The group on the Clarification of EPA Method 311 provides feedback to the U.S. EPA on their Method 311 for HAPS in coatings. R. Nelson has retired as chair and has been replaced by his NPCA successor, D. Darling, who provided the group with an overview of the Method 311 Round Robin work completed by NPCA back in the summer of 2003. The intent of the study was to identify the precision limits for the method. Unfortunately, not enough samples were tested to develop proper precision limits. M. Wills took the data and wrote a report for the task group that was received in 2004. A further goal of the group was to have him publish an article in a trade magazine informing the public of the results of the Method 311 Round Robin. Because of concerns over the results of the study (specifically, repeatability results ranging from 2% to 19%, reproducibility 5-157% for individual HAPs tested and 8-34% for total HAPs), NPCA and other coating application industries were very concerned with the precision results for Method 311 Round Robin. Therefore, Prof. Wills was asked to delay developing an article until the ramifications of the article and the results of the Round Robin could be analyzed, especially considering that Method 311 would be used to determine HAP content of coatings in compliance situations. Further concerns were raised over rumors that certain states were getting ready to run Method 311 on surface coatings for compliance purposes. Upon further review, NPCA decided to send EPA a letter requesting a meeting to discuss problems with Method 311 and discuss possible solutions, including possible "safe harbor" language in case of a compliance situation where there was a difference between formulation and Method 311 test data. The task group concluded that further discussions on ways to improve the Method should occur at the next meeting in Toronto.

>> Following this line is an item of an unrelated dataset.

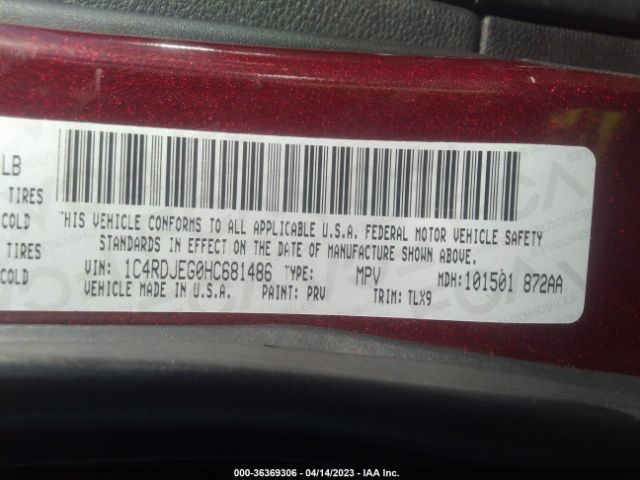 1C4RDJEG0HC681486 Dodge Durango Citadel
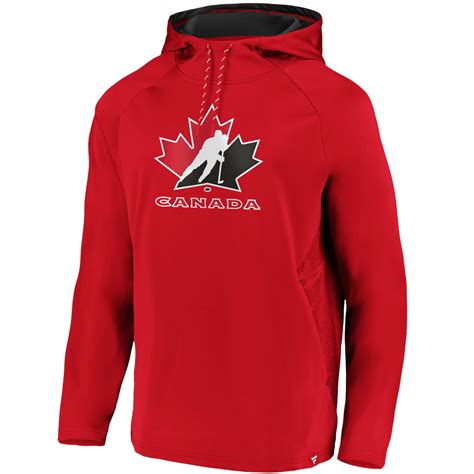 Team Canada Iihf Iconic Poly Embossed Defender Fleece Hoodie Sportbuff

The Rapid Nonvolatile Determination Group met under the leadership of K. Leavell. The main purpose of the meeting was to cover the negatives and comments from a recent main and sub-committee ballot. A number of changes will be made and the method (WK 3882 "Standard Test Method for Rapid Determination of the Nonvolatile Content of Coatings by Loss in Weight") will be reballoted. The importance of this method is the short time that it takes to run. It is much more rapid than other methods and should be useful for QC measurements.

The group on GC Analysis of Specific Volatile Components has jurisdiction over three methods, D6133, D6438, and D6886. Chair M. Wills reported that a new Agilent 6890 GC/MS/FID system, including a Model G1888 Headspace Sampler, has been installed at California Polytechnic State University and has been tested with several coatings. A number of the 28 coatings analyzed for NPCA/SCAQMD's rule 1113 assessment in the fall of 2005 using ASTM Method D6886 on an older HP 5890 GC system have been analyzed with the new system and were compared with results obtained using ASTM Method 6886 on the older GC system. In our hands, the static headspace system gives excellent results for the speciated VOC content of the waterborne coatings that have been analyzed to date. We have tested a modification of Method 6886 in which the solvent used for analyzing coatings is water instead of tetrahydrofuran. The use of static headspace shows promise for the analysis of two-component systems and appears to give VOC content results which are nearly the same as those expected by EPA's Method 24 for total volatile content (ASTM Method 2369).

The group on Headspace GC Method for Low VOC Levels in Waterborne Products discussed the ASTM-ISO VOC Workgroup and how it pertained to the development of a headspace GC method for low VOC waterborne products. It was noted by Chairman Linder that the EPC and EPDLA position was that a joint ASTM-ISO VOC workgroup would provide a forum for bringing together representatives from ASTM and ISO that are working on developing analytical methods for measuring VOC in waterborne materials. The short-term goal of the joint VOC workgroup would be to enhance the sharing of information to develop reliable VOC analytical methods deemed acceptable for regulatory compliance. The long-term goal would be a harmonized method acceptable in North America and Europe (noting that differences in VOC regulatory programs complicate the establishment of a common method). B. Golton pointed out that D01.21.16 had been formed to address many of these issues and mentioned the memorandum of understanding (MOU) between ISO and ASTM. Chairman Linder expressed his opinion that the headspace VOC method was outside the scope of the MOU because the headspace GC method is specifically targeted at the U.S. regulatory definition of VOC which is very different from that in Europe. It was noted that the group was exemplary in its cooperation with ISO colleagues.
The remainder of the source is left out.